Sumário do Relatório da CNPCT preparado pelo
A delegação do Movimento Nacional de Direitos Humanos (MNDH) irá avaliar a situação do combate à tortura no Brasil a partir dos resultados da Campanha Nacional Permanente de Combate à Tortura - CNPCT e da atuação do governo Fernando Henrique.
A Campanha Nacional Permanente de Combate de Tortura (CNPCT) iniciou seus trabalhos em outubro de 2001. Ela é resultado do pacto contra a tortura firmado pelo Estado Brasileiro e a sociedade civil organizada em 2000. A CNPCT é composta por uma Central Nacional, que comporta um Sistema de disk-denúncias chamado SOS-Tortura (0800 707 5551), e centrais estaduais, que enviam as alegações de tortura recebidas pelo SOS para órgãos competentes do sistema de justiça e segurança, como o Ministério Público e Corregedorias de Polícia.
A Coordenadora da CNPCT, Rosiana Queiroz, explica que a iniciativa é muito mais que um simples sistema de disk-denúncia: “A campanha tem como objetivo fomentar a mobilização e o monitoramento da sociedade em relação ao crime de tortura, além de servir como base de formulação de uma nova proposta para o sistema de justiça e segurança brasileiro”.
Dados da Campanha Nacional Permanente de Combate à Tortura
Em um ano de trabalho, o SOS-Tortura recebeu 23.709 ligações, sendo que apenas 1629 se transformaram em alegações de tortura. O resto se divide em ligações mudas, trotes e pedidos de informação.
Segundo estudo da Coordenação da campanha, o alto índice (54%) de ligações mudas ou que a pessoa vem a desligar em seguida pode indicar o medo ou insegurança em denunciar. Os estados com mais alegações registradas foram, respectivamente, São Paulo (17,22%), Minas Gerais (12,67%) e Bahia (9,04%). Todos estes dados estão no relatório da Campanha Nacional Permanente de Combate à Tortura, lançado em novembro do ano passado.

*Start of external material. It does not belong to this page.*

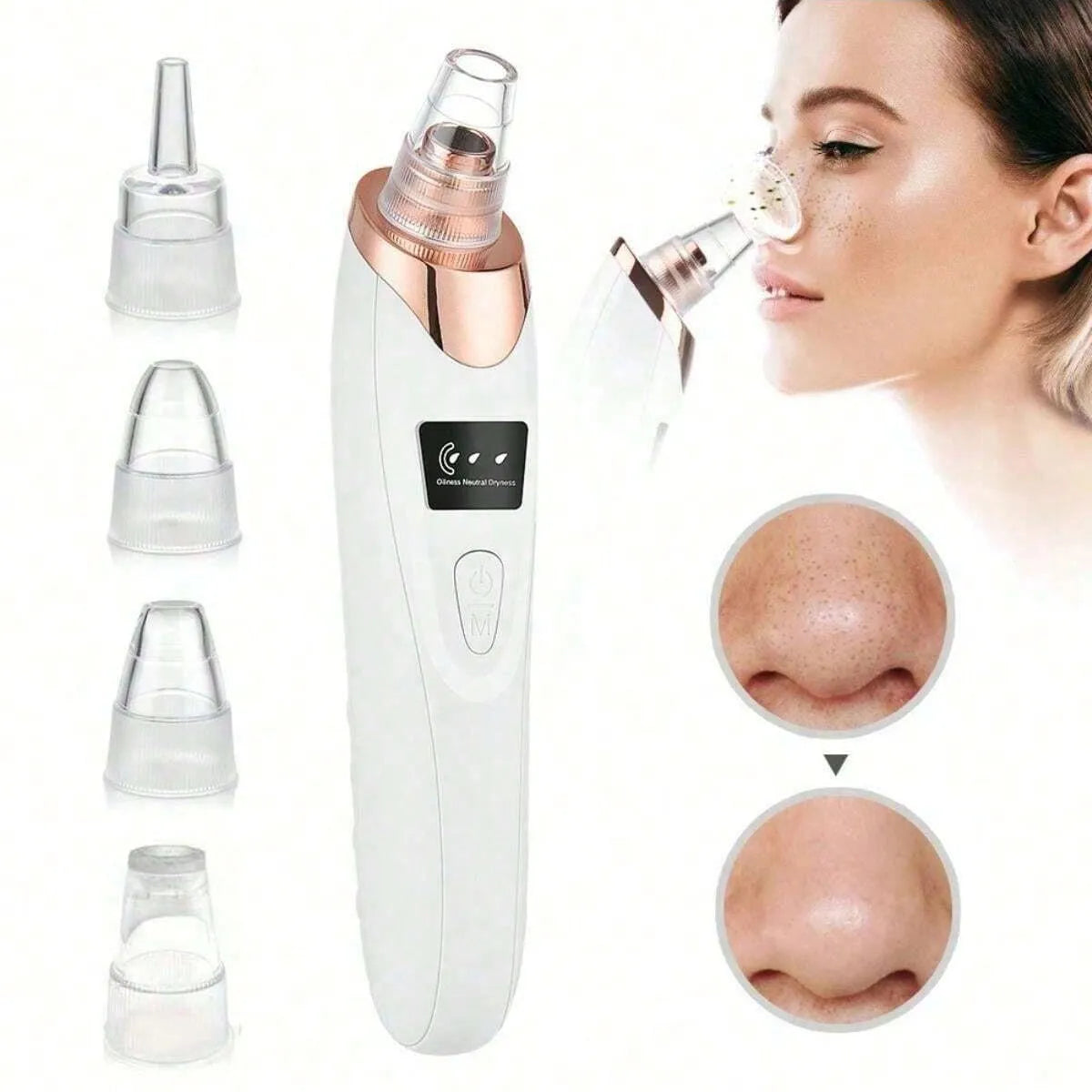 Electric Facial Pore Vacuum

O documento mostra que o principal agente da tortura são os policiais militares e civis, que estão, respectivamente, em 26,8% e 26,16% das alegações de tortura. O relatório revela ainda que o local principal onde acontece o crime é na delegacia, representando aproximadamente 25% das denúncias. Outra conclusão do relatório é o fato de a vítima ser homem e jovem, com este perfil aparecendo em 69,7% das alegações. No que se refere à cor da pele, o relatório mostra que do total de denúncias, 35,38% não informaram a cor, 31,25% se apresentaram como pardas, 23,98% como de pele branca e 8,06% cor da pele negra.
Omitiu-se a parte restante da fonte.